長野五輪ラージヒル団体の金。
最強チームゆえに生まれた悲喜こもごも
無料会員限定記事
平成スポーツ名場面PLAYBACK~マイ・ベストシーン
【1998年2月 長野オリンピック ラージヒル団体】
歓喜、驚愕、落胆、失意、怒号、狂乱、感動......。いいことも悪いことも、さまざまな出来事があった平成のスポーツシーン。現場で取材をしたライター、ジャーナリストが、いまも強烈に印象に残っている名場面を振り返る――。
1998年の長野五輪スキージャンプ・ラージヒル団体で、日本は"4年越し"の金メダルを獲得した。そのメダルには、1994年のリレハンメル五輪(ノルウェー)で優勝を逃した者たちのさまざまな思いが詰まっていた。
金メダルが確定し、船木和喜(右)に駆け寄る原田雅彦(左) リレハンメル五輪を控えた1993-1994シーズンのW杯は、イエンス・バイスフロク(ドイツ)、アンドレアス・ゴールドベルガー(オーストリア)、エスペン・ブレーデセン(ノルウェー)が"3強"で、日本勢は葛西紀明の1勝のみ。しかし、岡部孝信と西方仁也も表彰台に登り、原田雅彦は4位が最高だったものの何度も上位に入るなど総合力は高かった。
さらに、リレハンメル五輪のラージヒルでは、岡部の4位が最高でメダルは逃したが、西方が8位、原田が13位、葛西が14位と安定。ラージヒル団体でも日本が優勝候補の筆頭であったことは間違いない。
西方、岡部、葛西、原田の順で臨んだ団体戦で、日本はその期待を裏切らない戦いを見せる。1本目の終了時点では、ドイツ4人目のジャンパーであるバイスフロクに逆転されて0.8点差の2位。しかし2本目に入ると、西方と岡部が130m超えのジャンプを連発してドイツを逆転し、66.5点差をつけた。
次の葛西で少し差を詰められ、バイスフロクが1本目を上回る135.5mの大ジャンプを見せたものの、最後の原田は105mを飛べば確実に優勝できただろう。だが、踏み切りのタイミングが早すぎた原田は失速し、着地したのはK点のはるか手前の97.5m。掴みかけた金メダルが手からこぼれ落ち、メダルの色は銀色になった。

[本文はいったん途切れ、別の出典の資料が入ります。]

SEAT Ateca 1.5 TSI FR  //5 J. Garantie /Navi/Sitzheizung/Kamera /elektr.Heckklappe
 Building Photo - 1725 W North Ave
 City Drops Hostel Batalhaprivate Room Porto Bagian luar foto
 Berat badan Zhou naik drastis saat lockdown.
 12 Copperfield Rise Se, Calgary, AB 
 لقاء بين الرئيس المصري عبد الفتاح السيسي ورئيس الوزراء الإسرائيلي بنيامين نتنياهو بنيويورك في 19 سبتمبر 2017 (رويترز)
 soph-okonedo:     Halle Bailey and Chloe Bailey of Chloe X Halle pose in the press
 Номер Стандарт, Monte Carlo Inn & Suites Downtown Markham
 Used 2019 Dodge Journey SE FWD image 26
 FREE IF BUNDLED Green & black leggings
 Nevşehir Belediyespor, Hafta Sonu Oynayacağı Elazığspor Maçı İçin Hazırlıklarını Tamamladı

その悪夢から4年。長野五輪シーズンの日本人選手は強かった。
リレハンメル組の西方は代表から外れていたが、五輪前までにW杯を4勝した原田と、船木和喜が絶好調だった。特に、1994-1995シーズン開幕の直前に鎖骨を骨折した葛西の代わりにW杯に出場し、初出場・初優勝を果たして世界のトップジャンパーに仲間入りした船木は、五輪シーズンの年末から年始にかけてのスキージャンプ週間で3勝を挙げ、日本人初の総合優勝を果たしていた。